[Short text fragments from websites]
§

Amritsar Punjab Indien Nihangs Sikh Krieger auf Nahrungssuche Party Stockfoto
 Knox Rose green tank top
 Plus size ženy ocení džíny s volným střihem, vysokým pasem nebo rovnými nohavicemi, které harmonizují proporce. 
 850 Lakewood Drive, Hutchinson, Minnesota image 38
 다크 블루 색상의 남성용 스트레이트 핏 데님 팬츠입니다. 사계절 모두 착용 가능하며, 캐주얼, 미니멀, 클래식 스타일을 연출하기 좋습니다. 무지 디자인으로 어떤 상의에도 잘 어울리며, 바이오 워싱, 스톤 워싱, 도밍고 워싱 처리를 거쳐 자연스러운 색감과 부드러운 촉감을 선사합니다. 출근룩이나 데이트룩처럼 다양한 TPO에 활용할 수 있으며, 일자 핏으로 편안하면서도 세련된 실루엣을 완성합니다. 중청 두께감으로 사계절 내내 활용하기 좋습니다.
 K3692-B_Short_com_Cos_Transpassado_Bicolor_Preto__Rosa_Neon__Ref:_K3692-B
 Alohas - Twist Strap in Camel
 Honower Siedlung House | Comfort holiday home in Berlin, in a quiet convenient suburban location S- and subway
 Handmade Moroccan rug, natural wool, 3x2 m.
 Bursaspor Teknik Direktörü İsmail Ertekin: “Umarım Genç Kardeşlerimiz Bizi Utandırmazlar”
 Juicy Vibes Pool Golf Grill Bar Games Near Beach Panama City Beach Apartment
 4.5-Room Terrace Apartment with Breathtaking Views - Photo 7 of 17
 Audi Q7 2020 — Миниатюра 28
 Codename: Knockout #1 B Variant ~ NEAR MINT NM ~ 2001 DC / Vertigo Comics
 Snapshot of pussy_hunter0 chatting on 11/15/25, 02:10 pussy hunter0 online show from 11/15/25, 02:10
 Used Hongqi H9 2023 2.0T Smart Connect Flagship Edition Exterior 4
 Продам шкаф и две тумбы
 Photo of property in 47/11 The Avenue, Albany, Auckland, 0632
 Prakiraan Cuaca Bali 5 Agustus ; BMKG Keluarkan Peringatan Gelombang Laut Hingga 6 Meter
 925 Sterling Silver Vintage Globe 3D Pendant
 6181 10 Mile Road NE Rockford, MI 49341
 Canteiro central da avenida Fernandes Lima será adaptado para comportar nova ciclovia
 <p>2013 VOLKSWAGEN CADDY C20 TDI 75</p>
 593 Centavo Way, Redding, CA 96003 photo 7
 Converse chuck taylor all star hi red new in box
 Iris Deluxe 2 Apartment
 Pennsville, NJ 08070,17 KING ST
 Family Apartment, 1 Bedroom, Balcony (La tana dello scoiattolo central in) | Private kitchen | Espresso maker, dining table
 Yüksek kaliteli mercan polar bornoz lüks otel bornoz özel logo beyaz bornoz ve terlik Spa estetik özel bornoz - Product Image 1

§

Search the data above for the string "Apartment". Report every line where it is found.

 Juicy Vibes Pool Golf Grill Bar Games Near Beach Panama City Beach Apartment
 4.5-Room Terrace Apartment with Breathtaking Views - Photo 7 of 17
 Iris Deluxe 2 Apartment
 Family Apartment, 1 Bedroom, Balcony (La tana dello scoiattolo central in) | Private kitchen | Espresso maker, dining table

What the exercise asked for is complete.